N-series virtual machines feature the NVIDIA Tesla accelerated platform and NVIDIA GRID 2.0 technology. The DSVM tools and libraries that can use GPU acceleration are preconfigured with the appropriate drivers and library versions.

How the Data Science Virtual Machine works

After you specify an operating system and hardware platform, Azure creates the virtual machine and related resources. The related resources include a storage account and a network security group.

When you start the virtual machine, Azure restores the image to the specified hardware type, and launches the operating system. You can then connect, as shown in this module. After you connect, you use the virtual machine in the same way you'd use any other machine. After you finish, you shut down the machine with either the operating system facilities or the Azure portal.

Your costs and charges are based on the hardware type (compute power, RAM, and storage) that you specified. You're charged only for time that the virtual machine is running, at a half-minute granularity.

When to use the Data Science Virtual Machine

The goal of the DSVM is a friction-free, preconfigured environment for data science and machine learning. The experience is familiar and usable by data professionals at all skill levels.

Instead of rolling out a comparable workspace on your own, you can set up a DSVM. That choice can save you days or even weeks of installation, configuration, and package management time. After your DSVM is allocated, you can immediately begin working on your data science project.

Sample use cases

The DSVM is a good fit for several use cases.

Moving data science workloads to the cloud

The DSVM provides a baseline configuration for data science teams. This configuration ensures that all the data scientists on a team have a consistent setup with which to verify experiments and promote collaboration. It also lowers costs through reductions in the sysadmin burden. These reductions shrink the time needed to evaluate, install, and maintain software packages for advanced analytics.

Data science training and education

Enterprise trainers and educators who teach data science classes usually provide a virtual machine image. The image ensures that students have a consistent setup and that the samples work predictably.

The DSVM creates an on-demand environment with a consistent setup that eases the support and compatibility challenges. Cases where these environments need to be built frequently, especially for shorter training classes, benefit substantially.

On-demand elastic capacity for large-scale projects

Data science hackathons/competitions, or large-scale data modeling and exploration, require scaled-out hardware capacity, typically for short duration. The DSVM can help replicate the data science environment, quickly and on demand. These replicated environments can then run on high-powered computing resources as your scenario requires.

Short-term experimentation and evaluation

You can use the DSVM to evaluate or learn new data science tools. The DSVM has samples and walkthroughs already installed.

Deep learning with GPUs

In the DSVM, your training models can use deep learning algorithms on GPU-based hardware. The DSVM takes advantage of the VM scaling capabilities of the Azure platform, to help you use GPU-based hardware in the cloud.

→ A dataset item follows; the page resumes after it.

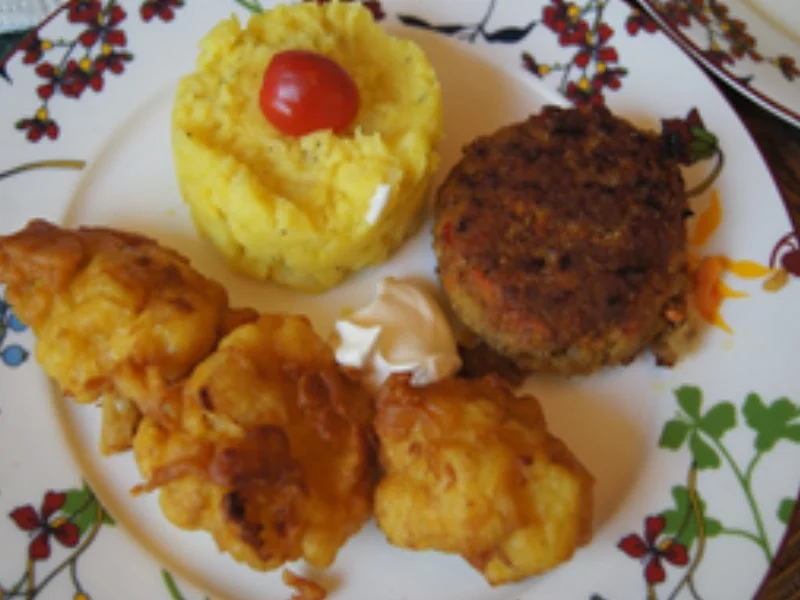 Frittierter Blumenkohl im Bierteig mit Möhrenbuletten und Kartoffelstampf - Rezept - Bild Nr. 14716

You can switch to a GPU-based VM when you train large models, or when you need high-speed computations while keeping the same OS disk. You can choose any of the N-series GPU-enabled virtual machine SKUs with the DSVM. Azure free accounts don't support GPU-enabled virtual machine SKUs.

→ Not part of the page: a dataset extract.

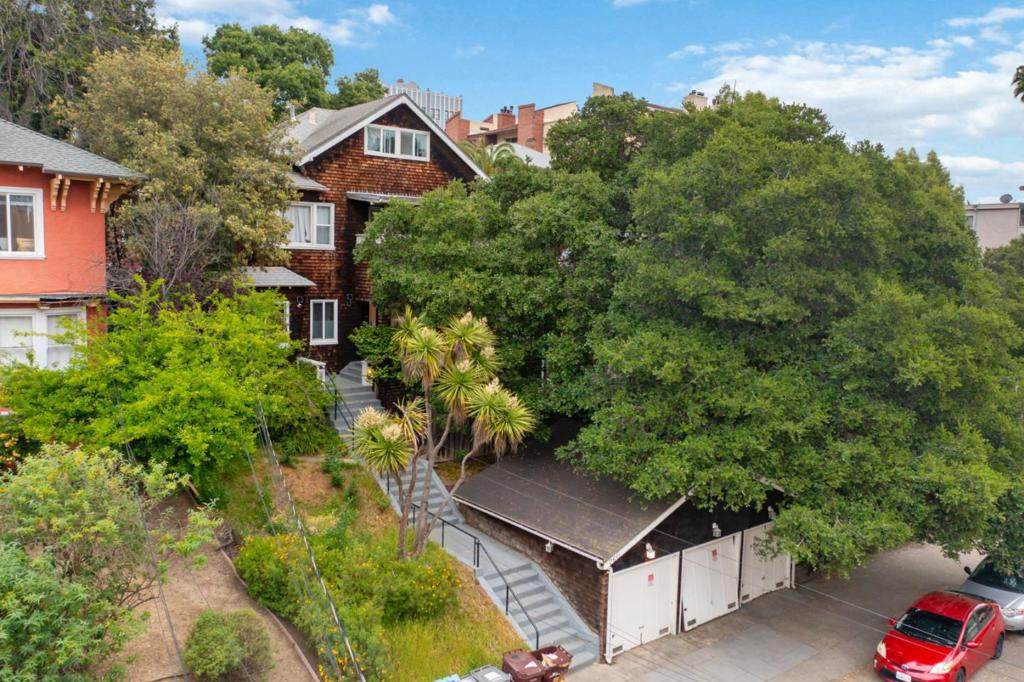 260 Park View Terrace - Photo 1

For tools and frameworks that support GPU acceleration, the DSVM is configured with the proper drivers, GPU tools, and framework versions and configurations. If you use Python, several configured conda environments are available, to avoid confusion. For instance, PyTorch and TensorFlow operate in separate environments.

You can also deploy the Ubuntu or Windows edition of the DSVM to an Azure virtual machine that isn't based on GPUs. In this case, all the deep learning frameworks fall back to the CPU model.

Our scenario, where you investigate bank data to help predict trends, touches on several of these use cases: collaboration, capacity, and exploration. You decide that an Ubuntu DSVM is a good choice, because it allows you to use familiar tools like CRAN-R and your existing data disk. Additionally, it doesn't require you to invest in learning new technologies until you work with your data for a while.